For Murail’s Le désenchantement du monde , six of the orchestra’s wind instruments were tuned a quarter-tone lower than the others, though the composer says the piece does not rely on a strict spectral palette. But there are plenty of non-traditional intervals in what is likely the second microtonal piece the orchestra has ever performed, after Murail’s Gondwana in 2009.
Over sustained orchestral masses, a rising arpeggio appears, multiplies and then seems to disintegrate. Each entrance by the piano seems to ignite a new orchestral chord, the ensemble glittering with a profusion of elegantly chosen colors—some delivered serenely, others with violence. Midway, the double basses drop down to a pianissimo as the orchestra pulses, the piano sparkling through. As the parade continued, one could only marvel: Murail creates some of the most ravishing orchestral sonorities of anyone today.

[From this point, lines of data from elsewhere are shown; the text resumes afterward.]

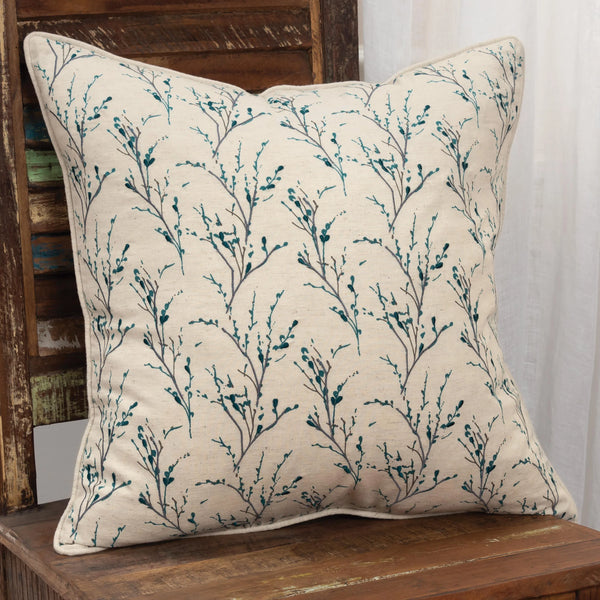 Natural Ady Floral Throw Pillow With Down Insert Throw Pillows LOOMLAN By LOOMLAN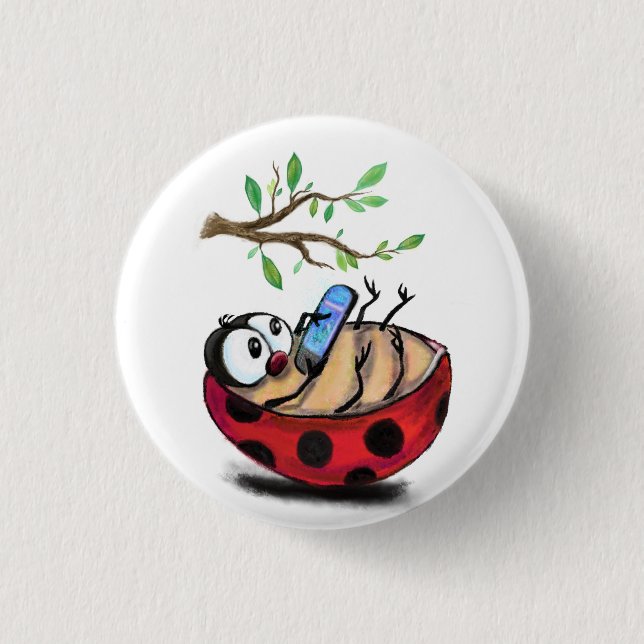 Little Ladybug mit Phones Funny Button (Vorderseite)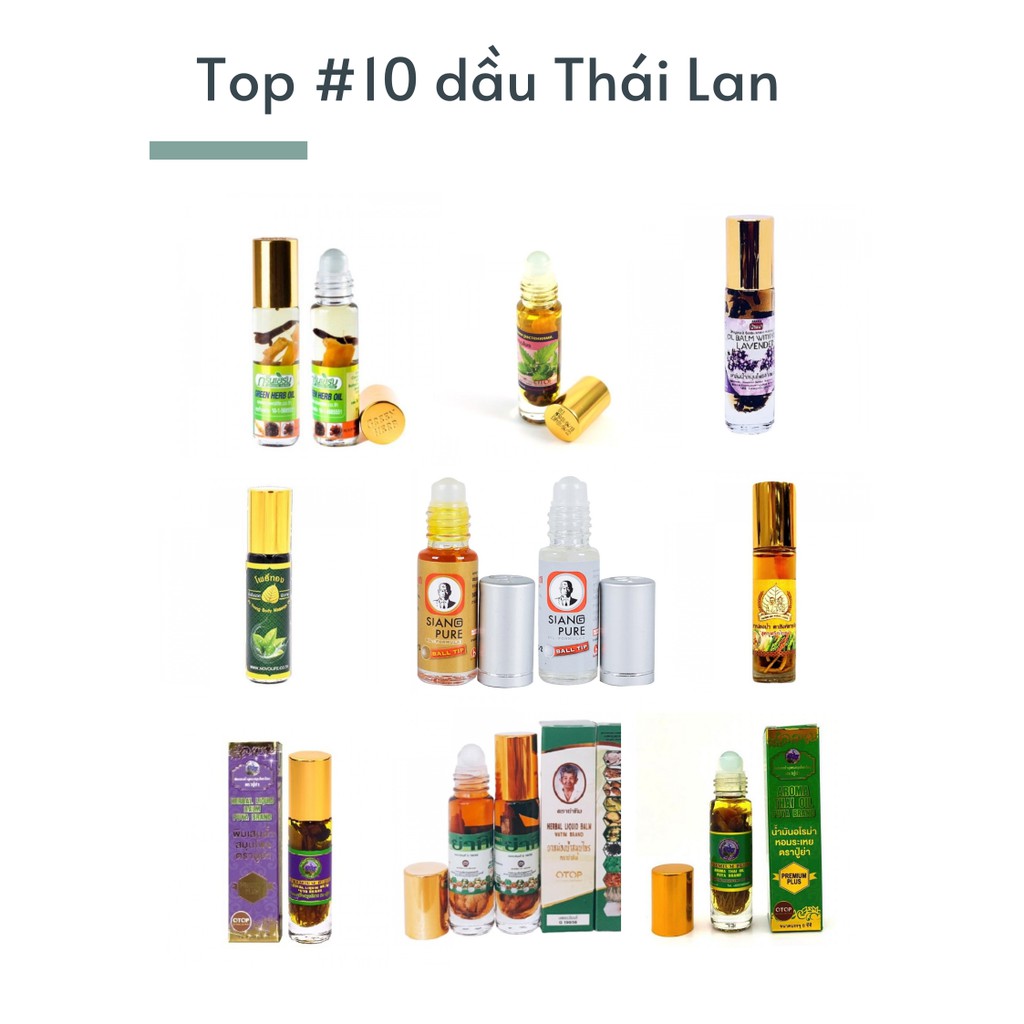 10 loại dầu gió Thái Lan chính hãng dạng lăn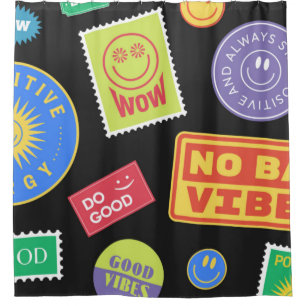 Coole trendy Patches Design. Abstrakter Hintergrun Duschvorhang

Plus, near the end, there are echoes of Messiaen (one of Murail’s teachers), whose Les Offrandes Oubliées opened the concert. And what additional praise can be heaped on Aimard, one of today’s most probingly intellectual, yet most sensual pianists? Each moment—every note—glistened like a polished stone, glimpsed on a riverbed through a limpid screen.

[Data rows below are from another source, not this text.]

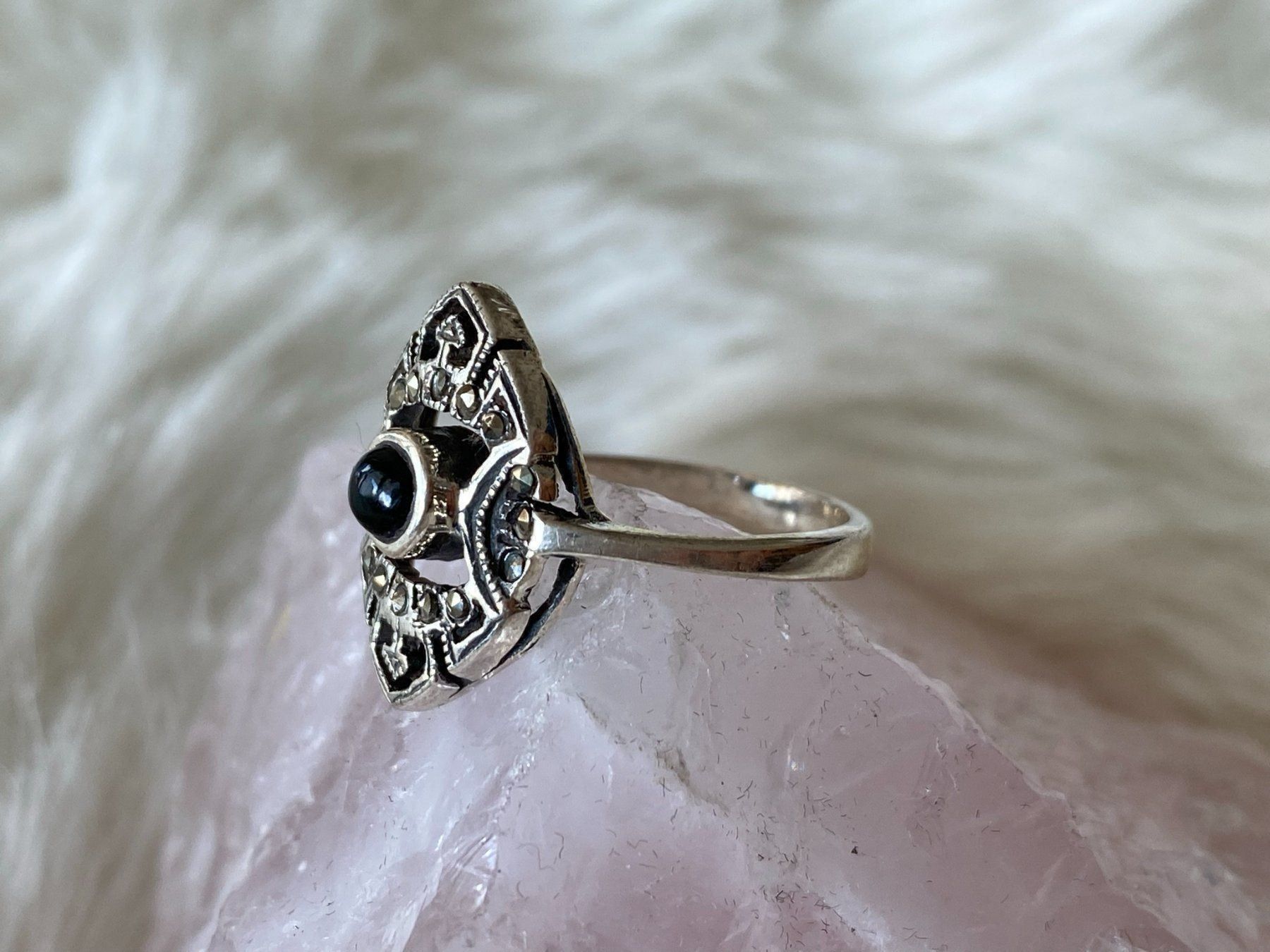 Anelli: Ring Silber 925 mit schwarzem Stein – Usato da Istighofen venduto da Ringparadies 1
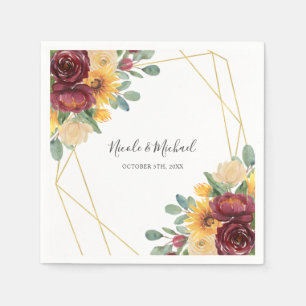 Guardanapo De Papel Casamento Geométrico Dourado Floral de Girassol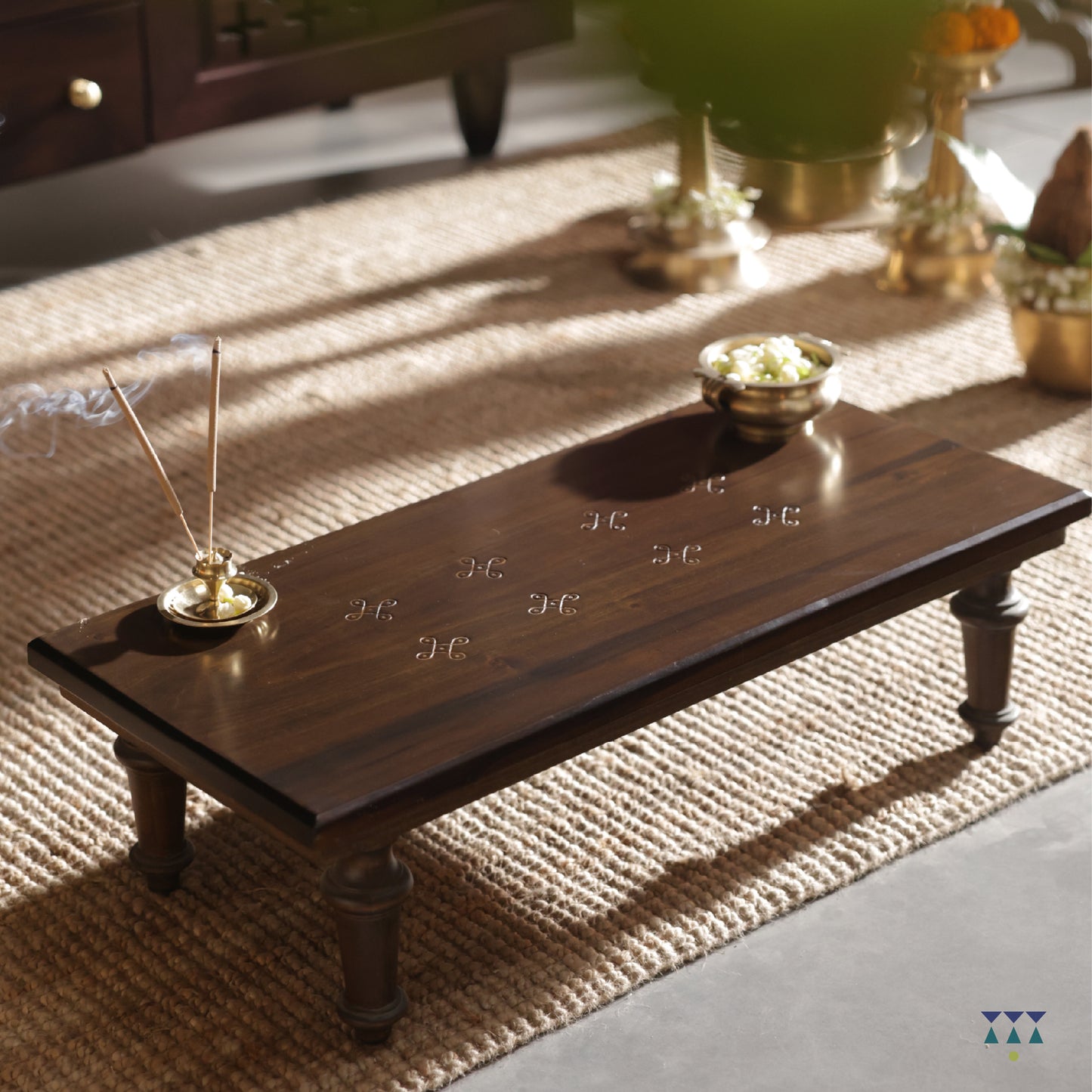 The Soul Nook - Pooja room with traditional mandap and accent furniture | Handcrafted Solidwood Puja mandir | Indian Prayer temple for home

In the first half, Aimard also lent his formidable technique to Mozart’s Piano Concerto No. 23, backed by a warmly expressive orchestra and elegant interplay. Robertson found instinctively right tempos—not too fast—complemented by finely calibrated dynamics, for an exuberant performance with nothing taken for granted. Robertson also made the most out of the Messiaen, with a surprisingly loud, galloping middle movement framed by glowing, mystical outer ones. Listening to the luminous finale with its ocher strings, “…avec une grande pitié et un grand amour” (“…with great pity and great love”) felt as if the conductor had plunged the hall into twilight.

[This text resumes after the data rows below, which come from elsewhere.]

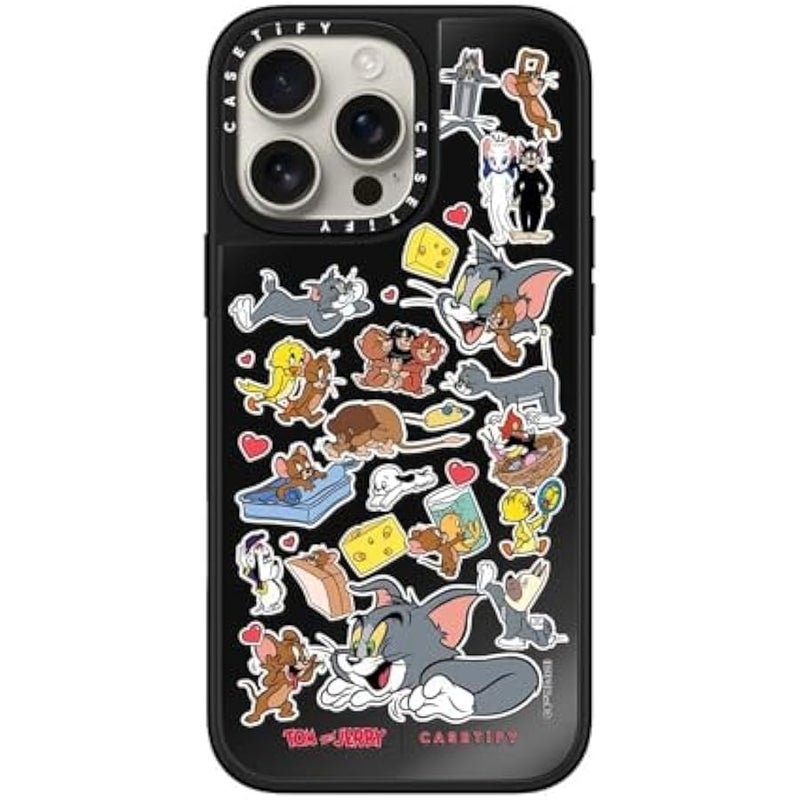 Casetify Mirror Case for iPhone 16 Pro Max 【Tom and Jerry Colab/Reflective / 4.9ft Drop Protection/Compatible with Magsafe】 - Family Sticker - Black on Black - Image 2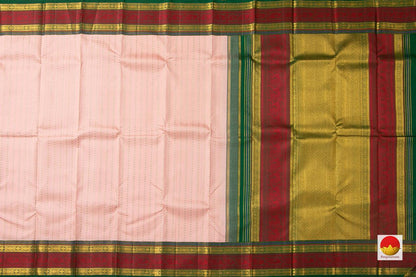 Pastel Pink Kanchipuram Silk Saree With Korvai Thread Work Border Handwoven Pure Silk Pure Zari For Weddings PV NYC 926 - Silk Sari - Panjavarnam PV NYC 926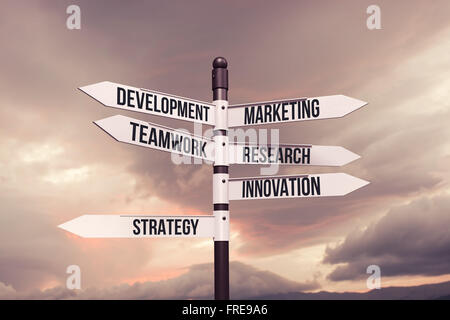 Business,strategy,marketing,development concept with road sign Stock Photo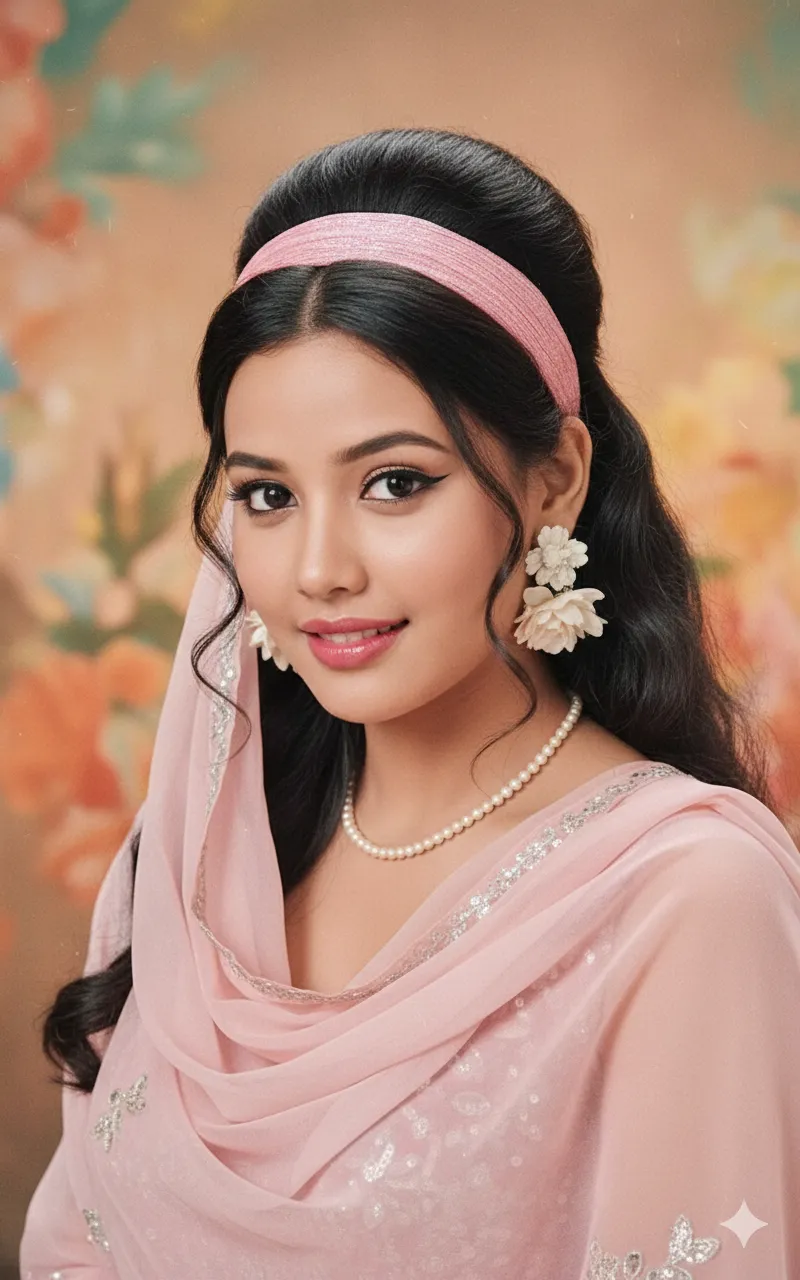 Vintage Bollywood Dream Girl AI Art Portrait - Nano Banana AI Prompt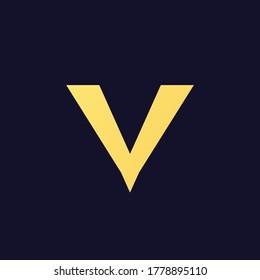 Abstract minimalistic triangle golden geometric simple traingle business logo icon design, Letter V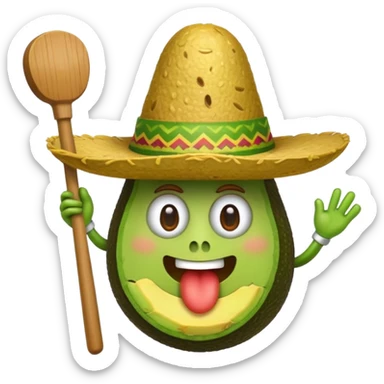 avocado in guacamole, wearing a sombrero, with a cartoon mallet above its head, whack-a-mole inspired, iOS emoji style sticker
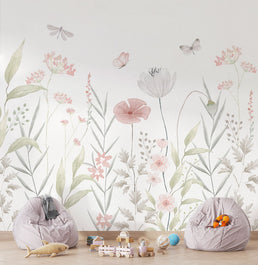 Papel de Parede Infantil Jardim Do Outono Rosa - Mural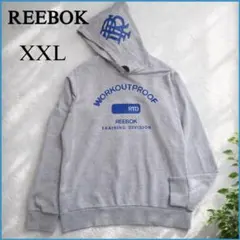 【希少2XL】リーボック ワークアウトプルオーバーパーカー デカロゴ XO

Beethoven’s Second Symphony might show up more often on programs if given Robertson’s effortlessly stylish, frolicsome treatment and placed in a different context, as it was here. The propulsive first movement caused spontaneous applause at the end, causing the conductor to whirl around and smile, “I like that one, too.” And in the final Scherzo and Allegro molto, his offhand podium gestures—glancing deadpan left, then right, reacting to Beethoven’s humorous back-and-forth between the instruments—produced titters in the audience. A bit of comic timing never hurts, and Robertson’s skill in illuminating Beethoven’s surprises was as entertaining as it gets.